I found
$$\sum_{n=1}^\infty\frac{2^{2n}H_n}{n^3{2n\choose n}}=-8\int_0^{\pi/2}x^2\cot x\ln(\cos x)\ dx=I\tag1.$$
Mathematica failed to find $I$, so I am not sure if there is closed form for it. I am just giving it a try here.

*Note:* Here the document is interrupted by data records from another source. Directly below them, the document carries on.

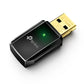 TP-Link Archer T2U Wi-Fi USB Adapter, 600Mbps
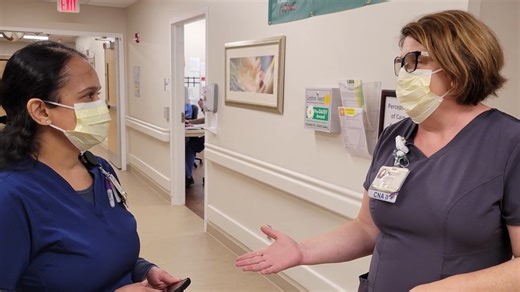 43 reactions | When Ljiljana Boskovic came to North Carolina from...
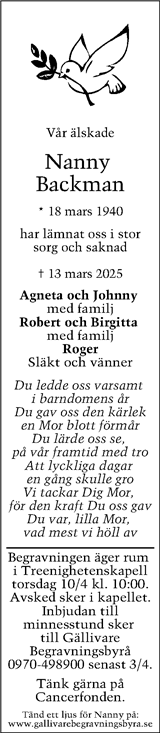 Norrländska Socialdemokraten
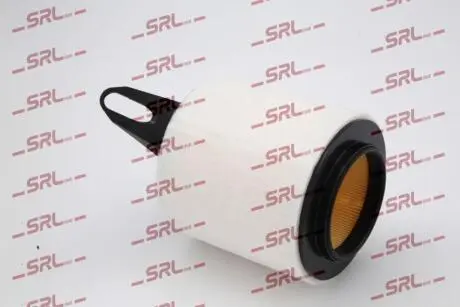 Фільтр повітря Polcar S114255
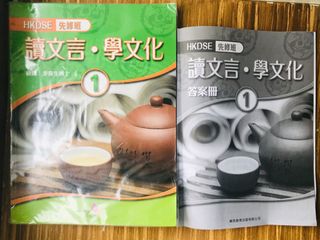 （分類：）位於 。 由 bear_toto 提交（商品編號 1021140763，圖片 1）。簡介： 。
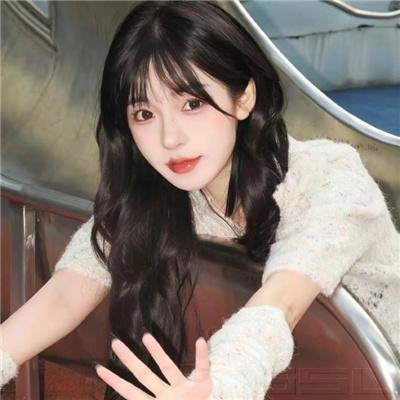 新扎师兄追女仔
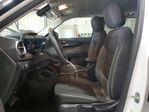Chevrolet TrailBlazer 2025
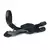 Shifter Twinloc Scott Spark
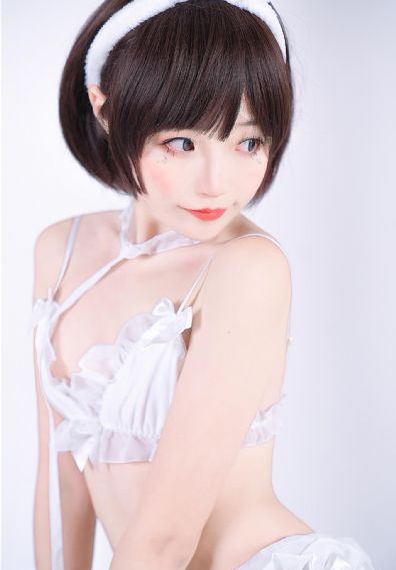 误杀细节知乎_1080P在线视频观看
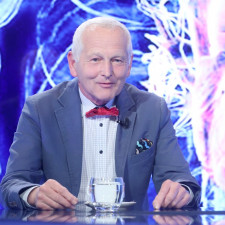 Jan Pirk je emeritní přednosta Kardiocentra a Kliniky kardiovaskulární chirurgie IKEMu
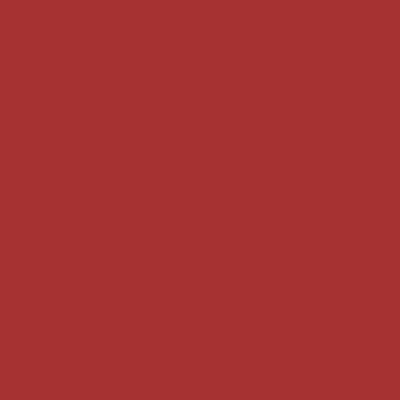 vidaXL Auvent latéral de balcon 122x250 cm Rouge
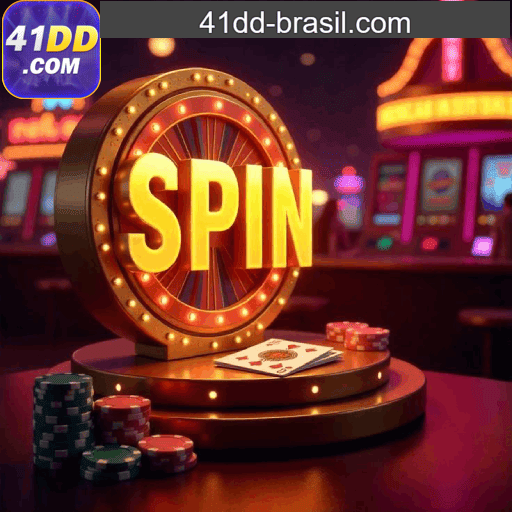 Comparação APP mobile vs versão web da 41dd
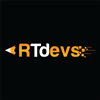 RTdevs
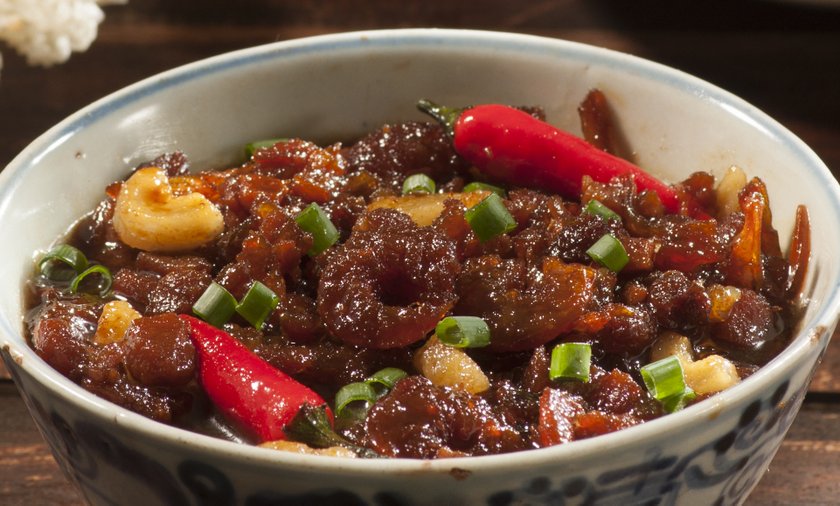 Top 4 bước hướng dẫn cách làm kho quẹt ngon nhất cho bữa cơn gia đình Top 4 bước hướng dẫn cách làm kho quẹt ngon nhất cho bữa cơn gia đình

First idea came to my mind is to use the Fourier series of $-\ln(\cos x)=\ln(2)+\sum_{n=1}^\infty\frac{(-1)^n\cos(2nx)}{n}$ and we have
$$I=8\ln(2)\underbrace{\int_0^{\pi/2}x^2\cot x\ dx}_{\frac32\ln(2)\zeta(2)-\frac78\zeta(3)}+8\sum_{n=1}^\infty\frac{(-1)^n}{n}\int_0^{\pi/2}x^2 \cot x\cos(2nx)\ dx.$$
I got stuck here. Any help would be much appreciated.
Proof of $(1)$
from here we have
$$\arcsin^2(x)=\frac12\sum_{n=1}^\infty\frac{(2x)^{2n}}{n^2{2n\choose n}}$$
replace $x$ by $\sqrt{x}$ we get
$$\sum_{n=1}^\infty\frac{2^{2n}x^n}{n^2{2n\choose n}}=2\arcsin^2(\sqrt{x})$$
multiply both sides by $-\frac{\ln(1-x)}{x}$ then $\int_0^1$ and use $-\int_0^1 x^{n-1}\ln(1-x)dx=\frac{H_n}{n}$ we get
$$\sum_{n=1}^\infty\frac{2^{2n}H_n}{n^3{2n\choose n}}=2\int_0^1\frac{\arcsin^2(\sqrt{x})\ln(1-x)}{x}dx\overset{\sqrt{x}=\sin\theta}{=}-8\int_0^{\pi/2}x^2\cot x\ln(\cos x)\ dx$$
Best Answer
$$S=-8 \text{Li}_4\left(\frac{1}{2}\right)+\frac{\pi ^4}{90}-\frac{1}{3} \log ^4(2)+\frac{4}{3} \pi ^2 \log ^2(2)$$
Proof $1$. This. Proof $2$. This. Proof $3$. This. Bonus: $$\small \int_0^{\frac{\pi }{2}} x^3 \cot (x) \log (\cos (x)) \, dx=\frac{3}{2} \pi \text{Li}_4\left(\frac{1}{2}\right)+\frac{9}{16} \pi \zeta (3) \log (2)-\frac{\pi ^5}{120}+\frac{1}{16} \pi \log ^4(2)-\frac{1}{8} \pi ^3 \log ^2(2)$$